▸ **EXERCISE REQUIREMENTS**: Every line of the material is to be quoted verbatim, minus the pictures.

▸ **INFORMATION SHOWN**:
»»

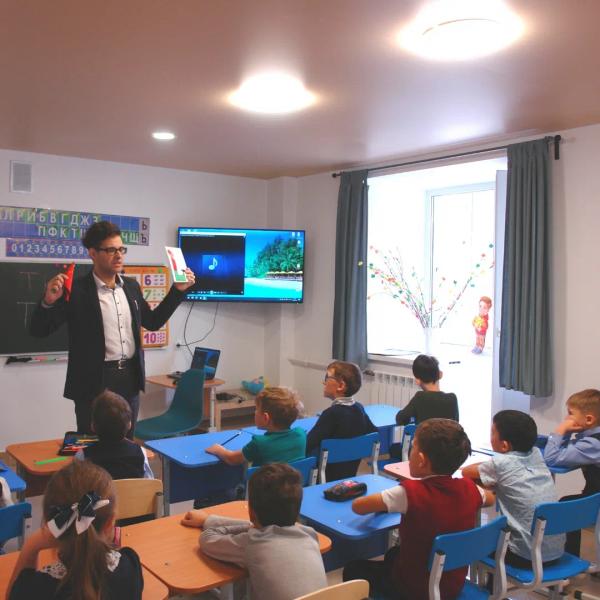 Частная семейная школа Дельфин Альт: высокий уровень знаний и развивающая среда в Берёзовском - Фото 3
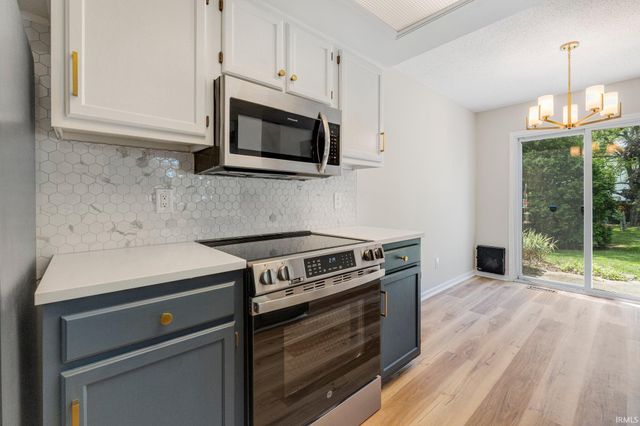 5937 Sawmill Woods Court, Fort Wayne, IN 46835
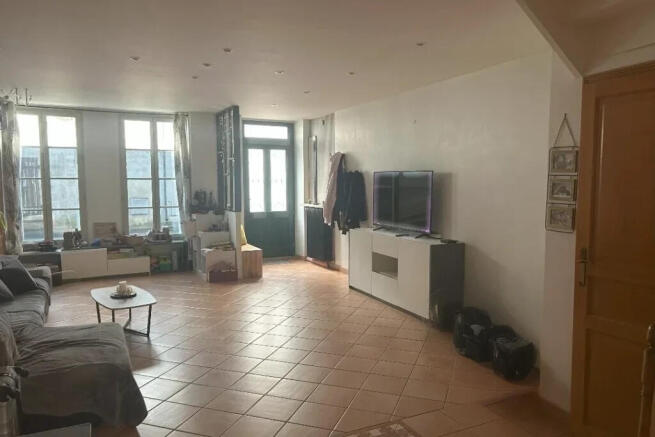 Photo 3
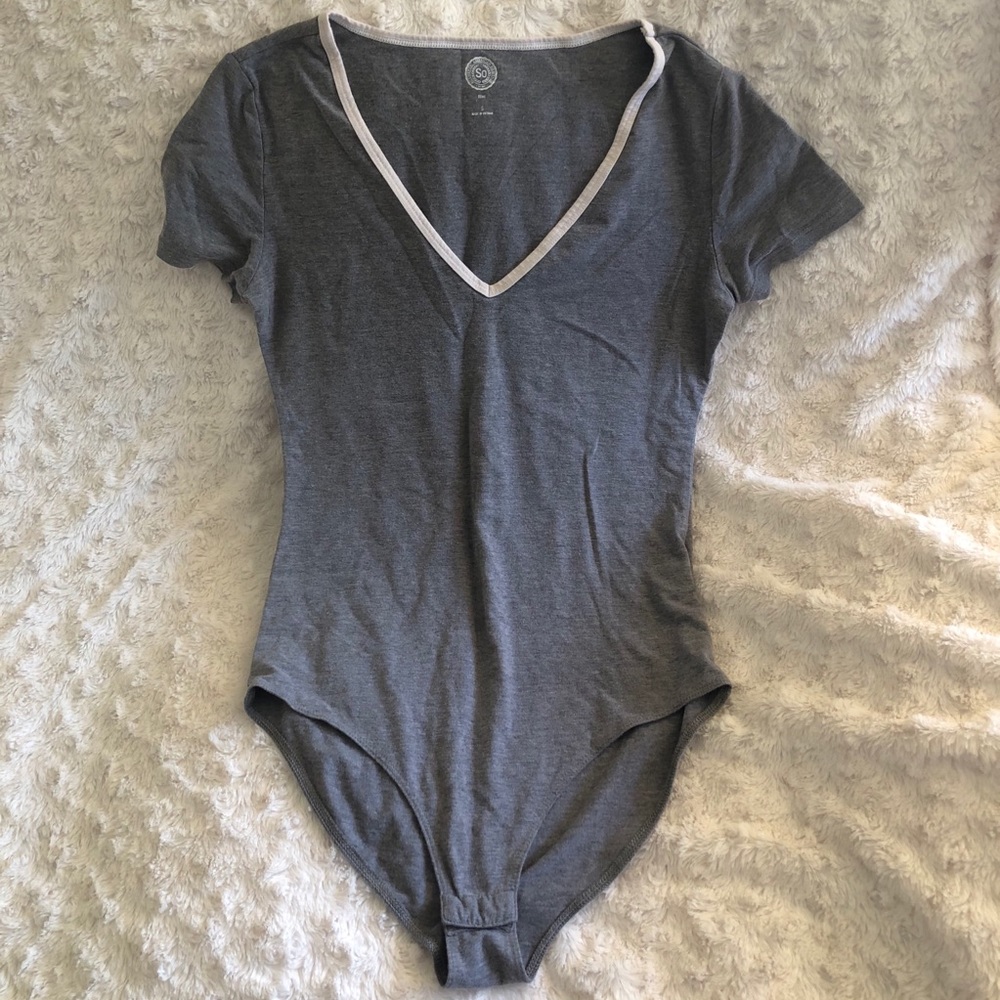 V neck bodysuit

««

▸ **ANSWER SPACE**:
 Частная семейная школа Дельфин Альт: высокий уровень знаний и развивающая среда в Берёзовском - Фото 3
 5937 Sawmill Woods Court, Fort Wayne, IN 46835
 Photo 3
 V neck bodysuit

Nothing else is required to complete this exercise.